Monday, January 25, 2016

PROTECTION ON THE MOUNTAIN



 

Arapaho Basin Ski Area

Expecting to enjoy God’s creation on a beautiful day seems like a plan.  Expecting the unexpected was not even on the radar.  

A group of Christian friends and I headed to Colorado for a Christian conference.  We planned to get there early for some ski time.  A good breakfast and time with the Lord got the day going. 
Skiing A-Basin seemed like a great idea.  High mountain areas at 12,000 feet.  Open terrain.  Powder.  All good.  Excitedly my friends and I get into our skis and on the lift to get to the top and begin the descent.  We had been on more level ground for a while at Oklahoma State University in Stillwater where alpine skiing is not so good.  This was a wonderful occasion.  
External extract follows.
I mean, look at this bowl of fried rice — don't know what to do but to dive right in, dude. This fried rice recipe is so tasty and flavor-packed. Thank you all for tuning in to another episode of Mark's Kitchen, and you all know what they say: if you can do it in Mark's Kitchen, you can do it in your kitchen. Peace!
The first ride up is cold.  Brisk.  No body heat has built up yet and there is a lot of sitting out in the open air as you go hundreds and thousands of feet into the thinner, more frigid air.  You can laugh and joke and swing the chair at the beginning of the ride.  Then your lips go numb and it’s hard to form words.  Then your feet go to sleep hanging over the seat with ski boots and skis pulling down.  Did I mention it was cold?
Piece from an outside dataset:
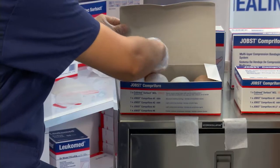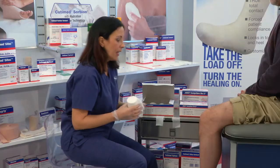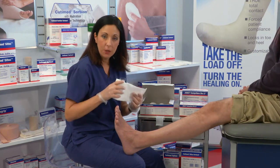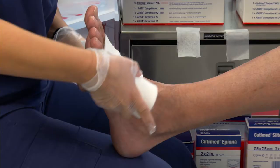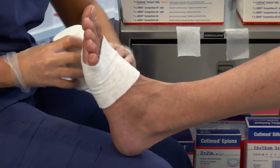Before I get started, I make sure that I have my tape ready to adhere to the bandage and I have my patient positioned at a 90 degree angle. Layer number one is a viscose padding. This is meant to pad the leg and wick up moisture and exudate. We're going to start by applying at the base of the toes and anchoring twice around.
The views are endless at the top of the world.  Snow capped peaks all around.  The Master Artist put on His display.  Then the end of the lift approaches there is excitement and anticipation.  Now the fun begins.  But I have to overcome numb lips which aren’t as big of a problem as legs and feet that are frozen and now have fallen asleep.  Kicking, lifting, shifting to get some circulation going before the end of the lift and being forced to jump off and ski immediately.  The alternative which is often seen at this point is the person gets off the lift and tries to ski, but one leg or the other gives way and they fall on the off ramp.  That leaves little room for the skiers who are getting off and have no choice but to get off the chair lift.  It can be a mess.  You don’t want to be that guy.  Everybody has been that guy, but you don’t want to be that guy again if you can avoid it.  Blood flow in the extremities recommences and all is good.  
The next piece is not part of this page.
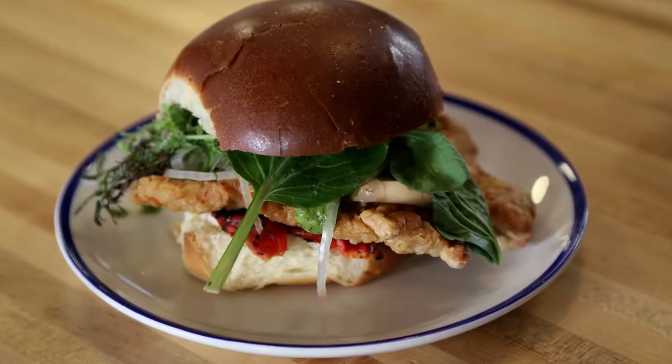Hi, my name is Joey Hilti. I'm the owner of The Vandal. Today, I'm going to be making you guys a schnitzel sandwich with a whole bunch of different stuff on it.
Skiing in this pristine white powdery snow is glory.  It is like gliding on a cloud.  Little snowflakes come off the front of my skis and touch my face saying good morning and welcome.  Ahhh. 
The area is wide open with lots of powder some of which was knee deep.  I moved across the slope and was nearing where the tree line began and it happened.  Underneath the blanket of powdery snow was a boulder.  My ski tip made contact.  My body went airborne.  I launched up and out.  A forward somersault as I gained air.  I saw a tall pine looming ahead.  As the mind races at times like those.  I was already working on the trajectory which had me firmly planted on the top third of that tree.  But the trajectory was interrupted.  

My in-flight mental processing knew something was off.  I was held as if in giant hands, and placed into the powdery soft snow as if I had just decided to take a break from skiing and sat down.  I was stunned.  Happily, stunned.  I had one ski on.  I imagined the other one was shattered.  My leg was fine and not even hurting.  I climbed through the powder to find the other ski.  When I did it was in good shape.  I got back in my skis thankful for an unexpected outcome to what looked like the end of my skiing for the day and I still had the rest of the day left on my lift pass.  Oh, and there was this guy.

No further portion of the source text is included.